For more information, visit https://mapre.es.ucsb.edu/
Capacity Factors
This dataset uses the MapRE framework to characterize candidate sites for variable renewable energy (VRE) development, focusing on solar PV and wind resources. Hourly capacity factor (CF) profiles are generated using a weather-to-VRE modeling approach that integrates MapRE with PySAM and PVWatts.
Solar CFs are derived from the National Solar Radiation Database (NSRDB), while wind CFs use ERA5 reanalysis data, unbiased with high-resolution wind speeds from the Global Wind Atlas. Wind CFs are derated to match historical generation reported by the Central Electricity Authority (CEA).
CF profiles are generated at hourly resolution (8,760 hours) and reflect technology-specific characteristics and availability factors. Multiple candidate sites per state and technology are included to support resource-aware and economically informed siting decisions.
India-Specific Technology Costs
Solar PV and wind cost projections combine multiple data sources and are adjusted using region-specific factors. Single-axis tracking PV costs are based on 2023 ATB estimates, adjusted using IRENA 2020 auction prices and 2022 ITC data. Fixed-tilt PV costs are derived from U.S. utility-scale cost relationships and adapted for Indian conditions. For rooftop PV, incentivized costs are excluded; the ITC mid estimate is treated as the lower bound and the high estimate as the upper bound.

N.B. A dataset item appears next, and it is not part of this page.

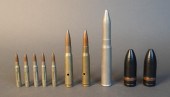 GROUP OF METAL DUMMY SHELLSGro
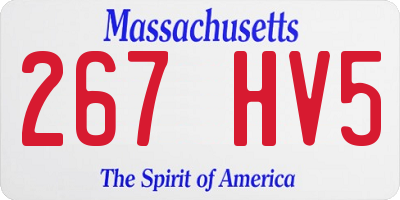 MA license plate 267HV5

Onshore wind costs adopt 2020 ATB values initially and follow original 2023 ATB projections from 2030 onward due to inconsistencies across datasets. Offshore wind costs combine 2023 ATB and 2022 ITC estimates, with future trends adjusted using local onshore wind prices in the absence of Indian auction data.
Cost projections for pumped storage hydropower (PSH), batteries, and hydrogen storage integrate multiple sources and regional considerations. PSH costs reflect 2023 ATB, 2022 ITC, and Indian auction data, with power and energy components scaled using U.S. project data. Battery costs combine 2024 ITC Power Storage and 2022 ATB data, adjusted using international auctions and tenders.
Hydrogen costs assume proton exchange membrane electrolysis, storage in tanks or salt caverns, and electricity generation via fuel cells, which are assumed to become viable by 2030–2040. Cost estimates draw from 2024 ITC Green Fuels, NREL, and international studies; salt cavern costs rely on international data due to limited domestic evidence.
GridPath
GridPath is an open-source power system planning platform designed to support long-term capacity expansion, production cost simulation, and resource adequacy analysis. It formulates the electricity system as a linear optimization problem that minimizes total system cost subject to demand, operational, reliability, transmission, and policy constraints. The model represents generation, storage, and transmission assets with technology-specific operational characteristics and allows decisions to be optimized across multiple investment periods.
By integrating investment and operational decisions within a single framework, GridPath allows consistent evaluation of trade-offs between capacity expansion, system operations, and decarbonization pathways under alternative technology, demand, and policy scenarios.